Trigger #1: PC Replacement + AI Laptop Cycle

PCs sold during 2020-21 (pandemic boom) are now 4-5 years old. The replacement cycle has begun. AI-PC penetration adds another wave: every laptop with an NPU (Neural Processing Unit) is a higher-ASP sale. India PC shipments grew >10% YoY recently. Rashi has 10% market share – management aims for 15%+.

Trigger #2: Enterprise + Data Centre Deals

Enterprise/data-centre revenue jumped from ₹100 Cr (FY24) → ₹2,000 Cr (H1 FY25). Includes Yotta NMDC AI data centre (₹1,510 Cr), Tamil Nadu government education project (₹300 Cr), and Reliance work.
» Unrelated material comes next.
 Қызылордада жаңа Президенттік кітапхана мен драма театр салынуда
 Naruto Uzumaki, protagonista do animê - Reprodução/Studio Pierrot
Management target: ₹3,000-5,000 Cr by FY27

Trigger #3: Embedded Systems & Semiconductors

This vertical does small-chip distribution to manufacturing units (auto sector, IoT, industrial). FY24 revenue ₹70 Cr → FY25 ~₹100 Cr → FY27 target: ₹800-1,000 Cr. Higher gross margins (5-7% vs. 5% blended). New embedded application lab in Bengaluru (May 2024) is the platform.

Trigger #4: Quick Commerce

New verticals being incubated. Quick commerce opens a high-velocity channel.  That is selling tech products through 10-minute delivery apps (Blinkit, Zepto, Instamart). Inventory turns 20–25x per year here vs. 6–7x in traditional channel

Trigger #5: Dell Partnership (Q4 FY26 onwards)
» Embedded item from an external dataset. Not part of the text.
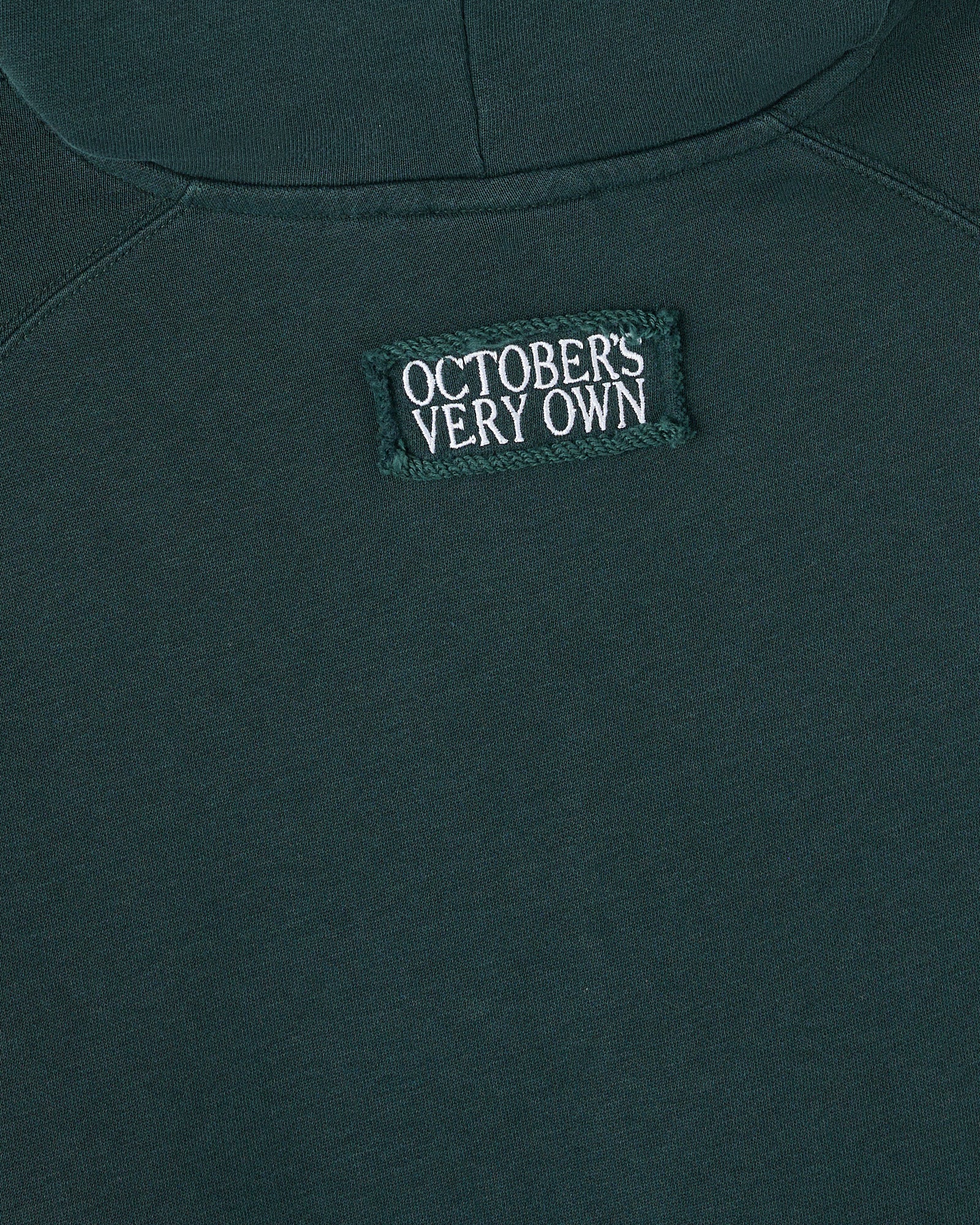 Sleeveless Training Hoodie Midnight Green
Recently announced. Dell is one of the largest enterprise/commercial PC players in India. Adding their distribution mandate in Q4 FY26 is a meaningful new revenue stream that hasn’t yet shown up in numbers.

Annual Performance (Consolidated, ₹ Cr)

FY21 FY22 FY23 FY24 FY25 TTM*
Revenue 5,856 9,454 9,455 11,095 13,773 14,311
YoY % +61% +0% +17% +24% +10%
EBITDA 190 303 305 307 361
EBITDA % 3.2% 3.2% 3.2% 2.8% 2.6%
PAT 80 139 100 144 210 248
EPS (₹) 31.7 37.4
ROE % 39.7% 33.9% 21% 20.8% 13.3% 12.5%
ROCE % 16.2% 14.5% 14.2%

 ROE looks lower since IPO because the equity base expanded ~50% with fresh issue. Both metrics are structurally about to reverse: Q3 FY26 EBITDA margin already hit 2.95%; ROE on an incremental-capital basis is back above 20%.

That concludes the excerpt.